Epiphany three: The revelation had already been written, a few months back. Claire and I met up to discuss our SWOT analyses and come up with resolutions … due to curfew we only managed to cover the SWOTS and her resolutions… and a few of mine… but here’s the thing I realized that I had already written mine down sometime back in a letter to Papa when I kept being drawn to Habakkuk 2:2. I literally just had to sort through the zillions of words I had written and extract what I needed! I was amazed… It somehow all came together… In that letter I DREAMED BIG… PRAYED BIG… WROTE BIG… and now I was supposed to WORK BIG! Was it overwhelming? Goodness it was!
And the work had to begin ASAP
And it is hard…
And totally worth it…
And some days I felt small, blocked, helpless, challenged, stressed… and I had questions. So that brings me to my major EPIPHANY.
Epiphany Four: Be still and know that I am God. It happened weeks later… So much had happened in such little time… I was not feeling myself, I was disturbed, I was unhappy, I was not so-together, maybe a little distracted. I was not the usual me. Could it have been because I was doing things differently? Yes, I was making progress in the things I was working on thankfully however I was not okay. You know that space when you’re in the middle of putting a complicated puzzle together? Half the time you’re asking yourself why you started it, whether you should just give it up… but then you are so enthusiastic and optimistic to see it all come together? It was as I had my breakfast at my worktable, I logged into YouTube and sung along to one of my favorite songs “Be still and know that I am God” by Travis Greene that peace finally came upon me.

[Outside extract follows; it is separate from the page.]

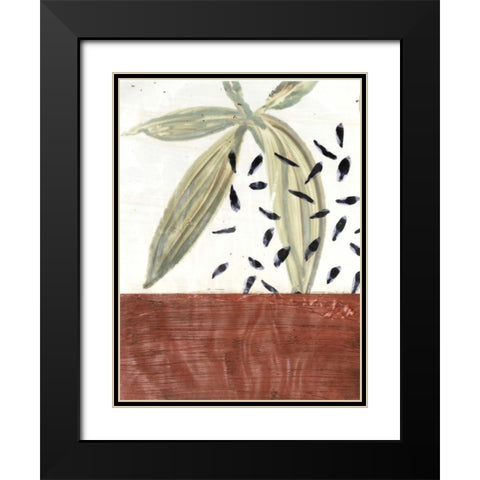 Ceramic Leaves IV Black Modern Wood Framed Art Print with Double Matting by Stramel, Renee W.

I scrolled through the comments sections reading and being consoled and inspired by people’s testimonies and prayers… relating my own experience and I knew and affirmed that GOD IS IN CONTROL. That through the journey of working to improve myself, fighting battles against my weaknesses, making plans, He is and will be control, that He is the still place I need to stand in when I don’t understand what is happening, when I am in doubt, when I feel I can’t measure up, when the future seems murky, when I feel helpless and challenged or that I do not matter. He knows exactly where I am and is minding me, I should have assurance in His plans for me. I think standing still in the Lord is one of the deeper mysteries of our faith that God wants us to know and trust.
Standing still in Lord, you and I are in a good place, a safe place.